Panettone is an Italian sweet bread with a bit of a legendary past. My favorite story credits it to a baker named Tony who created a special loaf in order to win over the parents of his intended love. In Italian pane means bread so it makes complete sense to me (and to children’s author, Tomie dePaola!) that this was the bread of Tony: pane del Tony.
Though people may disagree on its history it’s likely that the originator of the panettone lived in Milan around the end of the nineteenth century. It’s no wonder I love this bread. It’s Italian like me, though in this case I have to admit that the people of Milan were a much more refined lot than my rough and tumble Sicilian ancestors.
Around the holidays packaged panettones are everywhere! Darrell and I have eaten our fair share of them but this is one bread I prefer to make at home. It’s a no-holds-barred process. If I feel like an apricot cranberry combination so-be-it. If I’m in the mood for a chocolate-orange-almond combo that works, too.
It’s got a simple elegance to it, especially when I pair it with a good cup of tea. In texture it’s a bit dense and dry, in flavor it’s sweet but not too sweet, and it can handle a good slather of butter as well as be nibbled away just as it is.

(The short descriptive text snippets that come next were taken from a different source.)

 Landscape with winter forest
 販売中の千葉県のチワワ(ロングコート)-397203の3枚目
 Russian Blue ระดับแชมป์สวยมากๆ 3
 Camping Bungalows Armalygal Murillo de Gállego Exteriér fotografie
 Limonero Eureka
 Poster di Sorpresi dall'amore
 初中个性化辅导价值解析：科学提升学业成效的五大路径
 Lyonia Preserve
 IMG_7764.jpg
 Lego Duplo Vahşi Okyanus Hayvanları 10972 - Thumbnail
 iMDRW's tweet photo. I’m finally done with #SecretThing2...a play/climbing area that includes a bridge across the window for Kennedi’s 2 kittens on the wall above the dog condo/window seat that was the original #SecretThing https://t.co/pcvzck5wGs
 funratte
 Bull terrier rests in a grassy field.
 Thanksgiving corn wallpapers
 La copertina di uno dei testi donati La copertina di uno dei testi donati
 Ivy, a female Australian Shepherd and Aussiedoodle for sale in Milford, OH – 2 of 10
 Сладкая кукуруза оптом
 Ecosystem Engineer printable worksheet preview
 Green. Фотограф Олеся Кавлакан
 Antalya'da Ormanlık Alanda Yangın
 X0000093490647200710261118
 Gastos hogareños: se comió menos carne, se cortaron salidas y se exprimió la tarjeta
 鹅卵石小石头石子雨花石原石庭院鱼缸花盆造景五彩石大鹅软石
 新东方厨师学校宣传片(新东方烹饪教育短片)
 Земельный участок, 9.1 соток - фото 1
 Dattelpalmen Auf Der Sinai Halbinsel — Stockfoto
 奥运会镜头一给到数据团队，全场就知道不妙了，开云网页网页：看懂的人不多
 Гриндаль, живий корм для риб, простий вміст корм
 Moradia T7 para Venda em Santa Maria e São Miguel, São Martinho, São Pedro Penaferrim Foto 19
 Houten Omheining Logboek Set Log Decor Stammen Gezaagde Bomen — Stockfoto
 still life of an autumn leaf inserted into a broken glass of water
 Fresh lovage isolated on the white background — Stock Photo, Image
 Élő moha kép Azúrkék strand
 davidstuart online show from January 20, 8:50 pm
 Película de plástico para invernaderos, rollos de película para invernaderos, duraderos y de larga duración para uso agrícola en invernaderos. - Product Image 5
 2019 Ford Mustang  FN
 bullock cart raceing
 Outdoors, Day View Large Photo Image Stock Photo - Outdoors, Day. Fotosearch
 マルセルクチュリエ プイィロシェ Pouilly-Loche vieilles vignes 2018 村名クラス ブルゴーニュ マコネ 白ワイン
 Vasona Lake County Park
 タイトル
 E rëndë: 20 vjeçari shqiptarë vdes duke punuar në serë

For all of the perks this sweet bread has, I have to confess that I’ve had a panettone flop or two. Yeast has to really work hard when you load up dough with sugar, butter, eggs, and dried fruit. I also have to closely watch this bread in the oven because it begins to get that beautiful brown color that convinces me that it’s finished baking long before it’s done.
Panettone has cast its spell in this house and its magic is worth the extra effort. When my daughter’s always-hungry boyfriend, Josh, saw this week’s panettone sitting on the counter his eyes grew wide.
He confessed that of all the breads I make (and he’s sampled quite a few) panettone is his favorite. I was surprised. Had he had my panettone before? Josh was quick to remind me about a slightly undercooked loaf that he’d intercepted on its way to the compost months before. He’d taken it home and eaten every crumb. Its magic had seeped into him, too.
When you start making panettone you can buy expensive paper forms but this week I decided to see what else I had in my cupboard that might work. I found a cookie tin long ago emptied of its goodies and decided to give it a whirl. Lined with parchment, it produced a perfect loaf and didn’t cost me a thing.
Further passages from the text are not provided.